Routing Director monitors device health in the following scenarios:

During device onboarding—When a device is being onboarded, Routing Director monitors the device's health and generates an alert if any anomalies occur.

When a device is being onboarded, if other devices of the same model that were previously onboarded exist, Routing Director compares the data to detect anomalies. However, if a device of a particular model is being onboarded for the first time, then the efficacy of the anomaly detection is limited because of lack of historical data.
During device operation—After the device is onboarded successfully and is managed, Routing Director continuously monitors the KPIs related to device heath. For each KPI of each device, Routing Director monitors the KPI, forecasts the range, and detects any anomalies that occur. During device operation, Routing Director detects device health anomalies (within 30 minutes) based on historical data for that device and the forecasted range.

Note:

In the validation phase, the MAPE score for the ML models used in device health monitoring was observed as varying between 2.5 to 6.5.
After a KPI value changes, the forecasted range takes approximately two hours to stabilize.

RCA of Temperature Anomalies
Device Health KPIs

RCA of Temperature Anomalies

When a device is in operation, Routing Director provides RCA for issues related to the Routing Engine temperature and Routing Engine CPU temperature. Routing Director analyzes the different attributes (CPU utilization percentage, fan RPM percentage, and inlet temperature) that could cause a temperature issue. Routing Director also compares the device's temperature to an expected range. Based on the analysis and comparison, Routing Director provides an alert, an expected reason for the issue, and details on the events that might have caused the issue. Figure 1 displays a sample page showing the RCA logs for an anomaly in the Routing Engine temperature.

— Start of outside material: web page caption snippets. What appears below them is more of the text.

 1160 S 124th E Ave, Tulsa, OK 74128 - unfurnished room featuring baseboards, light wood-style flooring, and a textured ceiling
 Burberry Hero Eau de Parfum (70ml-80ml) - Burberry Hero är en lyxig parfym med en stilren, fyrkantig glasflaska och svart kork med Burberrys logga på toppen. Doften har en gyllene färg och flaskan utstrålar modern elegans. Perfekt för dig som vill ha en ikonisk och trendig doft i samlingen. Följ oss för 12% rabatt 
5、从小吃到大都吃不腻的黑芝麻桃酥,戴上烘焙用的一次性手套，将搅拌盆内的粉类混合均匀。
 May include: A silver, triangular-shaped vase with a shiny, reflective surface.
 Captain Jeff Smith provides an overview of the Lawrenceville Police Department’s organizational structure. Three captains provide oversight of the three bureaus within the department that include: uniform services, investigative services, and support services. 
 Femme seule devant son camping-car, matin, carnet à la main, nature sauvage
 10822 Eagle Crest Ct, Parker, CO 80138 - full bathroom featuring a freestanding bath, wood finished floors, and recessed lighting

Figure 1: Sample Page Showing RCA for Device Temperature Anomaly Line graph showing temperature from March 22-28 with thresholds at 100°C Critical and 95°C High. March 26, 44°C; CPU alert 50°C outside 30.77-55.57°C range.

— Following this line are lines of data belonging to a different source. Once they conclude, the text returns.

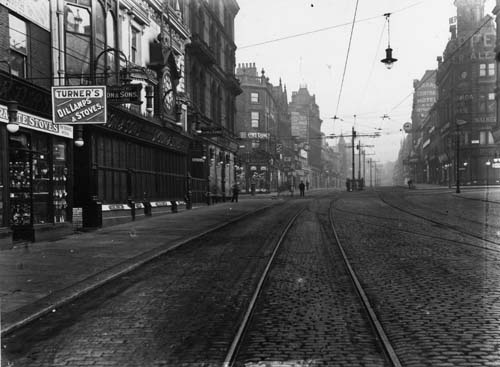 c1909. View of Briggate, looking north, and showing tram lines. Very few people are about so the photograph may have been taken very early in the morning. At the left edge is number 23 Briggate, Arthur R. Turner, Ironmonger, dealing in Oil Lamps and Stoves. Adjacent, at numbers 24, 25 and 26 is John Dyson & Sons, Watchmakers. Beyond Dyson's is the junction with Boar Lane. From www.leodis.net 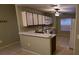 Small kitchen with white cabinets and tiled floors at 2912 Willow Oak Ct, Kissimmee, FL 34744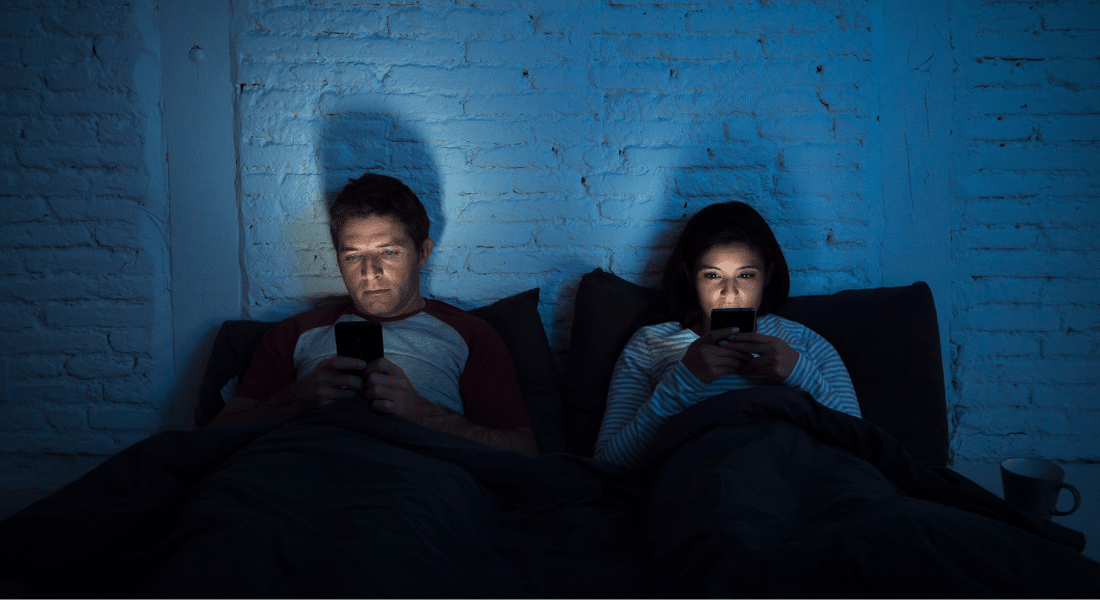 Two people sitting in bed in a dark room, illuminated by the cell phones in front of their faces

Line graph showing temperature from March 22-28 with thresholds at 100°C Critical and 95°C High. March 26, 44°C; CPU alert 50°C outside 30.77-55.57°C range.

—

Device Temperature RCA Details

Device Health KPIs

Table 1 displays the device health KPIs that Routing Director monitors for each device.

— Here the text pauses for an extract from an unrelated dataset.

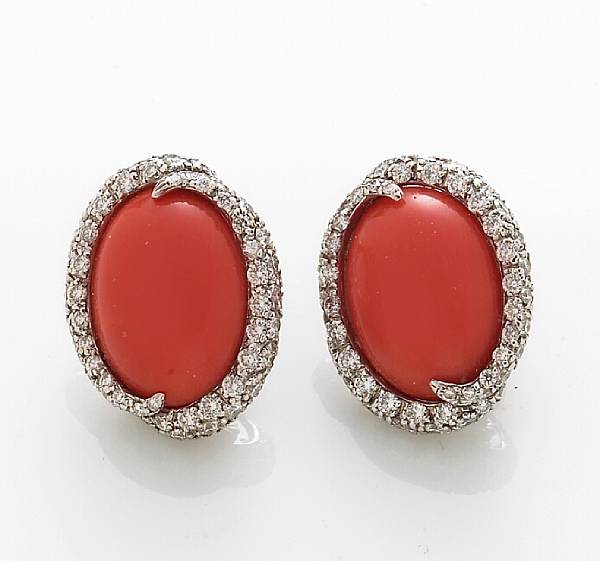 Appraisal: A pair of coral and diamond earrings mounted in eighteen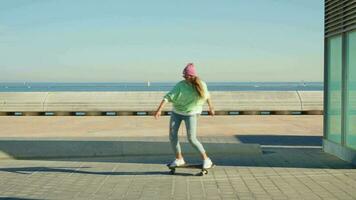 uma menina passeios uma skate contra a pano de fundo do a mar. video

Table 1: KPIs Related to Device Health
KPI	Component	Parameters
CPU	Routing Engine Line card	CPU Utilization Percentage (%)
Memory	Routing Engine Line card	Memory Utilization Percentage (%)
Fan	Not applicable	RPM Percentage (%)
Temperature	Routing Engine (RE) Routing Engine CPU Line card Line card CPU	Current temperature

Table 2 lists the KPIs related to interface health that Routing Director monitors for each interface.

Table 2: KPIs Related to Interface Health
KPI	Description
Optics Rx power Optics Tx power	Current optics power level in dBm.
Input traffic Output traffic	Current traffic in Mbps.
Optical/Module temperature	Current optics temperature in ℃.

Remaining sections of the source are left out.